Caption-style text data:

=-=-=

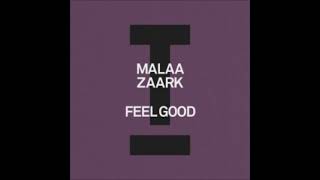 Feel Good Extended Mix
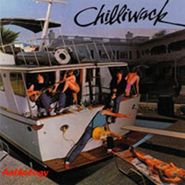 Chilliwack, Anthology (CD)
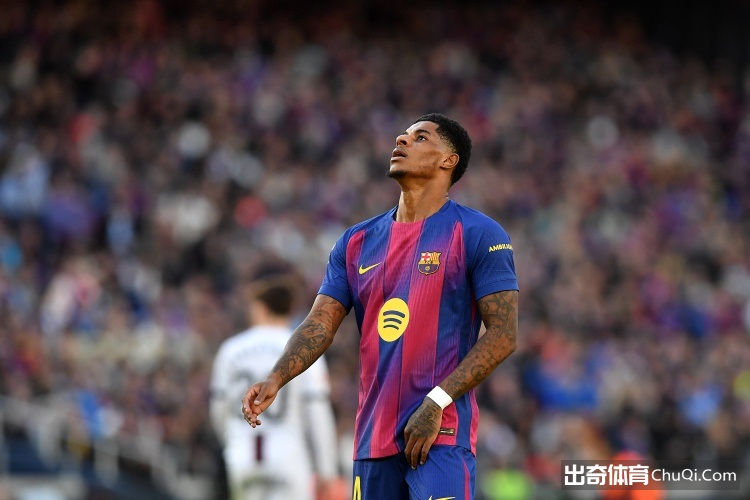 乌军内部哗,兵士反叛,总司令被俘,新葡京,新葡京app,新葡京娱乐,新普京赌场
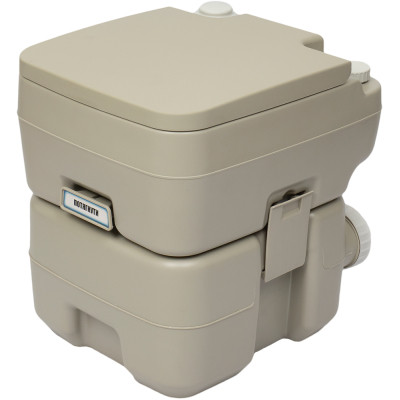 Біотуалет Time Eco TE-1020T (4820211101367)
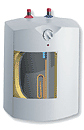 Водонагреватель Gorenje GT 5 U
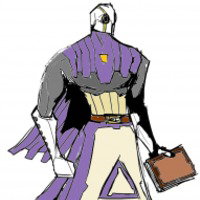 AU_Lord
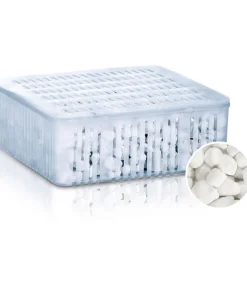 JUWEL® AQUARIUM Aquariumzubehör Cirax Bioflow M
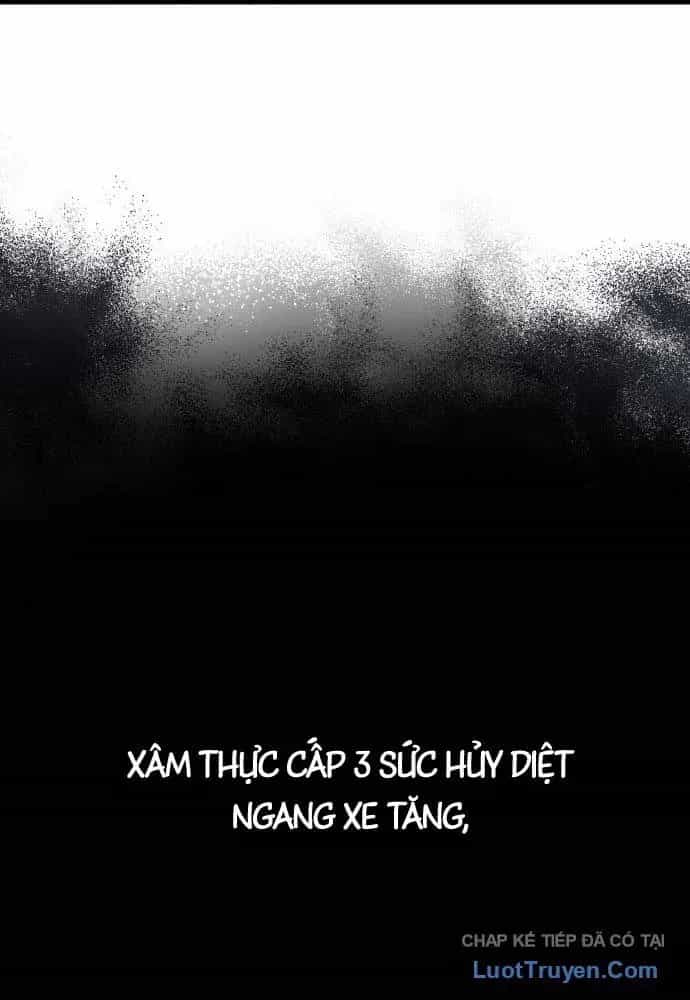 Cứu Thế Là Nghề Của Tôi - Chương 9 - ảnh 21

=-=-=

# WHAT THIS TASK INVOLVES:
Only one thing is required here: an exact copy of the lines from the one bearing "Біотуалет Time Eco TE-1020T (4820211101367)" through the final line above, both included, with pictures left out.

# EXERCISE SOLUTION:
 Біотуалет Time Eco TE-1020T (4820211101367)
 Водонагреватель Gorenje GT 5 U
 AU_Lord
 JUWEL® AQUARIUM Aquariumzubehör Cirax Bioflow M
 Cứu Thế Là Nghề Của Tôi - Chương 9 - ảnh 21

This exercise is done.